\(\displaystyle \displaystyle \int_{0}^{\infty}sin(x^{2n})dx=sin(\frac{\pi}{4n})\int_{0}^{\infty}e^{-x^{2n}}dx\)
Let \(\displaystyle 2n=p\)
\(\displaystyle \displaystyle \int_{0}^{\infty}sin(x^{p})dx\)
Then, using imaginary parts:
\(\displaystyle -\displaystyle \int_{0}^{\infty}e^{-ix^{p}}dx\)
Let \(\displaystyle x=t\cdot i^{-1/p}, \;\ dx=i^{-1/p}dt=-sin(\frac{\pi}{2p})\)
\(\displaystyle -i^{-1/p}\displaystyle \int_{0}^{\infty}e^{-t^{p}}dt\)
Let \(\displaystyle u=t^{p}\)
\(\displaystyle \frac{-1}{p} i^{-1/p}\displaystyle \int_{0}^{\infty}u^{\frac{1}{p}-1}e^{-u}du\)
\(\displaystyle =\frac{1}{p}\Gamma(1/p)sin(\frac{\pi}{2p})\)
\(\displaystyle =\Gamma(1+\frac{1}{p})sin(\frac{\pi}{2p})\)

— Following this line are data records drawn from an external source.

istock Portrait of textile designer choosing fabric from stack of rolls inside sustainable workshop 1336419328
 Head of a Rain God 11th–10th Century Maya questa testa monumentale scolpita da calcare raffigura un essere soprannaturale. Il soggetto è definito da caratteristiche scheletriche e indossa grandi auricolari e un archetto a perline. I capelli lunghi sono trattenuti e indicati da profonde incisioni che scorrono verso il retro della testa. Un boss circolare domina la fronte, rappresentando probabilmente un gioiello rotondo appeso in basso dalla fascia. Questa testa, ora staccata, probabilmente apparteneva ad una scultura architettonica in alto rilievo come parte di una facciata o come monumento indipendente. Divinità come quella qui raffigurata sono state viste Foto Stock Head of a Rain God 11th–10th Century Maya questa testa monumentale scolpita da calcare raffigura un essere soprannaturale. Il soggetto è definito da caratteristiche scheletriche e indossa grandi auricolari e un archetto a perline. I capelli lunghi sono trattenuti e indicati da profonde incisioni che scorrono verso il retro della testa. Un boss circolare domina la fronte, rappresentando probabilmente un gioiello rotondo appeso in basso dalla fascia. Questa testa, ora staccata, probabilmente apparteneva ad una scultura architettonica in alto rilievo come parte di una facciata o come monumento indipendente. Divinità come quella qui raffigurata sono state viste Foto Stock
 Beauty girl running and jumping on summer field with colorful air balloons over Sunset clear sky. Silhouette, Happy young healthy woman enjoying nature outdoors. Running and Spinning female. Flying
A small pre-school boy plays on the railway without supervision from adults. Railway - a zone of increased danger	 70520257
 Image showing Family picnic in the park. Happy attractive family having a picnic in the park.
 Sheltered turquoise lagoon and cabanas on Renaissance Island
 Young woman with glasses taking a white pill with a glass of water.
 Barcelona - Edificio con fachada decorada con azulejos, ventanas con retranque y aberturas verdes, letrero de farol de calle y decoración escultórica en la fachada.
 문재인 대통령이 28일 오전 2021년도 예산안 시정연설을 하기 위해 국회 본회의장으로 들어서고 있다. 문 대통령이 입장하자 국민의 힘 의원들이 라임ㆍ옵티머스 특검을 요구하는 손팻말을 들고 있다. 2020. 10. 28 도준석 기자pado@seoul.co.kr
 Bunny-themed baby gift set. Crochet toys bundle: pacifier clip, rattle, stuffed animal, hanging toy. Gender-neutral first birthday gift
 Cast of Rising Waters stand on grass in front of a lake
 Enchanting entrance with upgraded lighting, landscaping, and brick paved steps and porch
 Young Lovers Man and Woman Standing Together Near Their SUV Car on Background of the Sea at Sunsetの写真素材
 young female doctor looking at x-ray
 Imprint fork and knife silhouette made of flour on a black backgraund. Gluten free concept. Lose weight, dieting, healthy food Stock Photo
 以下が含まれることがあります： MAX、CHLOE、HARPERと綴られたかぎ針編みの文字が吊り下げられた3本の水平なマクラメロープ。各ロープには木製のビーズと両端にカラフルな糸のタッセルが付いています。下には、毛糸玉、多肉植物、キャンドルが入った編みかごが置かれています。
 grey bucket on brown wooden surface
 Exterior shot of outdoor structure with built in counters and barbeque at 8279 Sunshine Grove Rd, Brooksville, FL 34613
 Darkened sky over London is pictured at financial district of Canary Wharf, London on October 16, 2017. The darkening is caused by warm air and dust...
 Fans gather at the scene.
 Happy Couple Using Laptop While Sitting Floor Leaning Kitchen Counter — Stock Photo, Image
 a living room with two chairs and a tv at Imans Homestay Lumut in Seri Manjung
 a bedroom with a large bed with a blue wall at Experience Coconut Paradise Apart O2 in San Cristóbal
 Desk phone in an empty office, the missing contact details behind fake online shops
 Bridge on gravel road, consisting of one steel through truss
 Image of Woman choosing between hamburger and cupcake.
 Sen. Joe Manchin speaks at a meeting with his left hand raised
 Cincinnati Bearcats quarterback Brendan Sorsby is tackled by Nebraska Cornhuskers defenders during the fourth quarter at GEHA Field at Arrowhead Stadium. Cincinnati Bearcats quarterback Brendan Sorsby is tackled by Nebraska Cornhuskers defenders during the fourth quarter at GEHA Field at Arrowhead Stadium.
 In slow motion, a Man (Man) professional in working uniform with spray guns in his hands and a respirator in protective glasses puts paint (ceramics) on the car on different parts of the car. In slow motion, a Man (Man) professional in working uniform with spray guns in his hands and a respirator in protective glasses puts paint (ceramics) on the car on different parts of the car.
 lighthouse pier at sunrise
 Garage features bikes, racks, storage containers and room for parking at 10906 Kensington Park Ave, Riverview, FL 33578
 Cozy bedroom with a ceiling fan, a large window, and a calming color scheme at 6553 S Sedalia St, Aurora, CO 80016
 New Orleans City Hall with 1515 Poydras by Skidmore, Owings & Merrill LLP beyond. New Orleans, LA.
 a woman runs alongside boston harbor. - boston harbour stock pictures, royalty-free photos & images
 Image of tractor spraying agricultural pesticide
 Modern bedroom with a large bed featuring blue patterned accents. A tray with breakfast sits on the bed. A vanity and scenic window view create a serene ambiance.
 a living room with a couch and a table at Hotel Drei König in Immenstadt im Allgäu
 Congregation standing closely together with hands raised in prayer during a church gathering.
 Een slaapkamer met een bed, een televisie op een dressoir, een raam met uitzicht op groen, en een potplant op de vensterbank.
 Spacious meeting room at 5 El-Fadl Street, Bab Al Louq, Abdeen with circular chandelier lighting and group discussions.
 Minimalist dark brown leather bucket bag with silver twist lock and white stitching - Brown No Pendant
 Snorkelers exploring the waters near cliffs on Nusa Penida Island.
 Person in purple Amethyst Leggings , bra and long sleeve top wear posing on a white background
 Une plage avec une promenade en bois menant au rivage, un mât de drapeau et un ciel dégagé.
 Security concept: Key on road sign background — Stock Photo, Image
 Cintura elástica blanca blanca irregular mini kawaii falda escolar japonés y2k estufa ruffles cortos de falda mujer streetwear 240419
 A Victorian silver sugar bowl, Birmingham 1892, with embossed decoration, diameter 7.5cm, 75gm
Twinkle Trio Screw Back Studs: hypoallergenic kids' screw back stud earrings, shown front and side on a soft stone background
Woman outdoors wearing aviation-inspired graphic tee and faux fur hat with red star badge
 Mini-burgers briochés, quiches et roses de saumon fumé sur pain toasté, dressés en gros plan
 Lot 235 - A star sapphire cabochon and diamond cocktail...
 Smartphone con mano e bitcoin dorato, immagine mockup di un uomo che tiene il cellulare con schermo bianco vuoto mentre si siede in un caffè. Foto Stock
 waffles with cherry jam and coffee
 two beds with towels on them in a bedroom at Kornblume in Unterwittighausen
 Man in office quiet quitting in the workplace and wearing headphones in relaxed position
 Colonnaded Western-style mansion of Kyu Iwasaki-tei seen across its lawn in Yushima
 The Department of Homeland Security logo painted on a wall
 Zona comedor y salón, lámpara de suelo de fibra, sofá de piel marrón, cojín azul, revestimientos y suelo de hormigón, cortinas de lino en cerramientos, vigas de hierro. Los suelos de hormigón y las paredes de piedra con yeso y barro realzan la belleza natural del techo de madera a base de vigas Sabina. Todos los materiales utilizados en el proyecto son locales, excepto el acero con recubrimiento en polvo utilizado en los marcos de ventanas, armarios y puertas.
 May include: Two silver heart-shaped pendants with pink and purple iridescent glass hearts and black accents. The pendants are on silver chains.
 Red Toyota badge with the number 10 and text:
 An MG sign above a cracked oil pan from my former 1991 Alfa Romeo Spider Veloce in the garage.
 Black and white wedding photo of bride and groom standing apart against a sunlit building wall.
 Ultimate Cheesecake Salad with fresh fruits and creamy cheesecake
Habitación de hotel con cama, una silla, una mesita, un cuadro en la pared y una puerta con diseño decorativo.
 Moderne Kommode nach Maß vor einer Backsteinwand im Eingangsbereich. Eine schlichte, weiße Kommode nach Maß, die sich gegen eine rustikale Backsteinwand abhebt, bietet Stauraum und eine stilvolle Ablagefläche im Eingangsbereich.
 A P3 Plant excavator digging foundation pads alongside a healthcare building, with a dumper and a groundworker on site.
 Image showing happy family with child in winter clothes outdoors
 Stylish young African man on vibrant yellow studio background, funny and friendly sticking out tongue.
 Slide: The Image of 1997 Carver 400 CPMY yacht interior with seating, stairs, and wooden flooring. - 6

Now, resub \(\displaystyle p=2n\) and we get:
\(\displaystyle sin(\frac{\pi}{2n})\Gamma(1+\frac{1}{2n})\)
Now, use the fact that \(\displaystyle \displaystyle \int_{0}^{\infty}e^{-x^{2n}}dx=\Gamma(1+\frac{1}{2n})\)
This last identity comes from an alternative defintion of Gamma:
\(\displaystyle \Gamma(n)=\displaystyle 2\int_{0}^{\infty}x^{2n-1}e^{-x^{2}}dx\)